▸ **EXERCISE INPUTS**:
^^^^^^^^

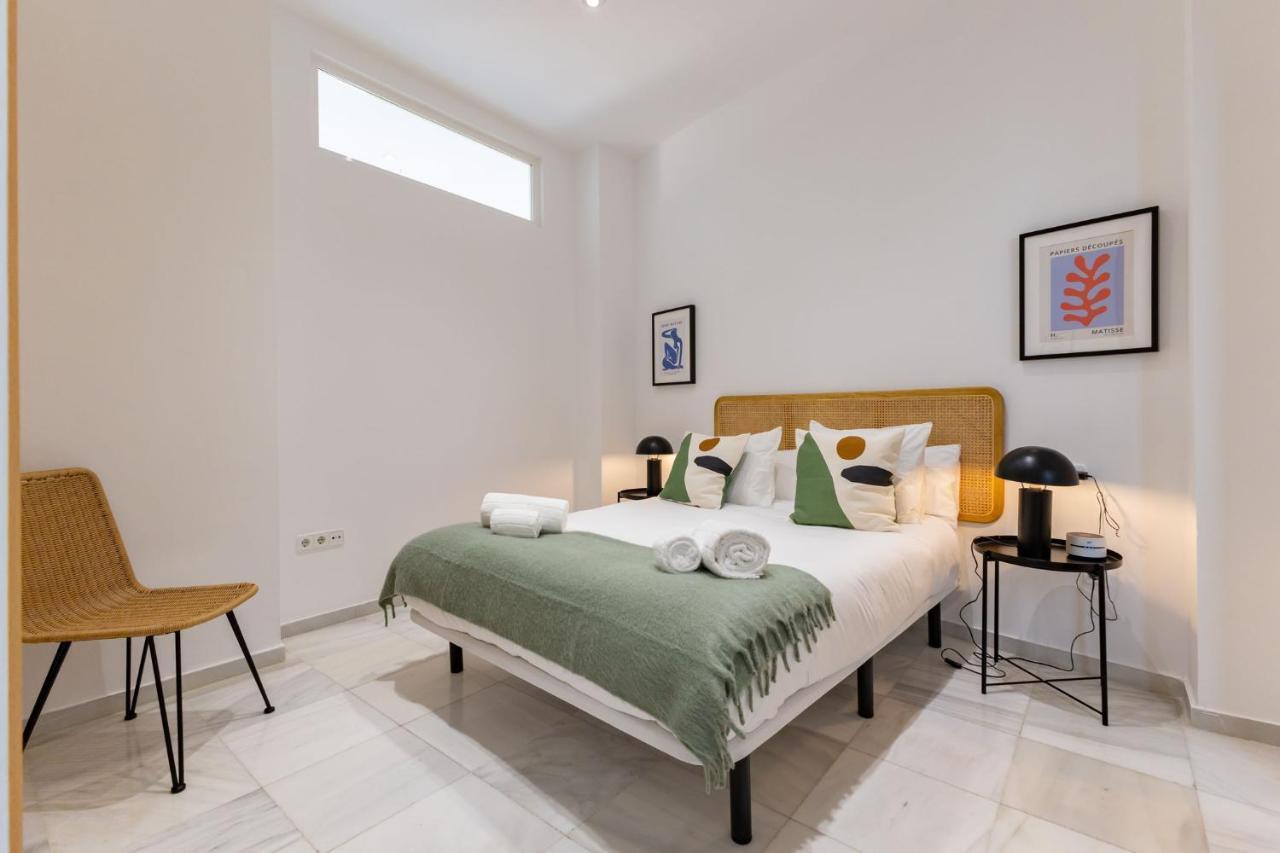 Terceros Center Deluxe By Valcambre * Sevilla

^^^^^^^^

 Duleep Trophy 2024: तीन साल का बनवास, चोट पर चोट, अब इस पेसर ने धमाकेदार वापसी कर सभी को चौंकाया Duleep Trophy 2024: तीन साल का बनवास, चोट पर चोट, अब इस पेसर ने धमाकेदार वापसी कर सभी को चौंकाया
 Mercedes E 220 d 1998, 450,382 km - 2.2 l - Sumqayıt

^^^^^^^^

▸ **WHAT YOU ARE ASKED TO DO**:
The lines above, starting at the one with "को चौंकाया Duleep" and ending at the one with "Mercedes E 220", are the only ones to return, exactly as written.

▸ **PROBLEM SOLUTION**:
 Duleep Trophy 2024: तीन साल का बनवास, चोट पर चोट, अब इस पेसर ने धमाकेदार वापसी कर सभी को चौंकाया Duleep Trophy 2024: तीन साल का बनवास, चोट पर चोट, अब इस पेसर ने धमाकेदार वापसी कर सभी को चौंकाया
 Mercedes E 220 d 1998, 450,382 km - 2.2 l - Sumqayıt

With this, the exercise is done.